## TASK DIRECTIONS
Only one stretch of the listing below is wanted. Give it again exactly, from the line with "Kundağı 75 x 40 cm" through the line with "Apple iPhone 15 Pro ナチュラルチタニウム +新品ケース類あり".

-- INFORMATION PROVIDED follows --

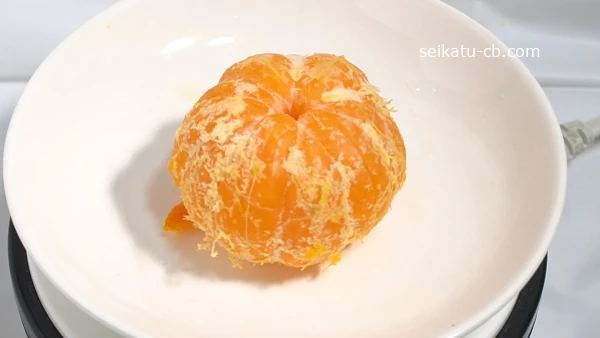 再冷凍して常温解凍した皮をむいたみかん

-- INFORMATION PROVIDED concluded --
-- INFORMATION PROVIDED follows --

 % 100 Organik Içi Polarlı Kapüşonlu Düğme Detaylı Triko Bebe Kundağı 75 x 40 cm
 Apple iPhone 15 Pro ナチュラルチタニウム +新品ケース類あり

-- INFORMATION PROVIDED concluded --

## RESPONSE TO THIS TASK
 % 100 Organik Içi Polarlı Kapüşonlu Düğme Detaylı Triko Bebe Kundağı 75 x 40 cm
 Apple iPhone 15 Pro ナチュラルチタニウム +新品ケース類あり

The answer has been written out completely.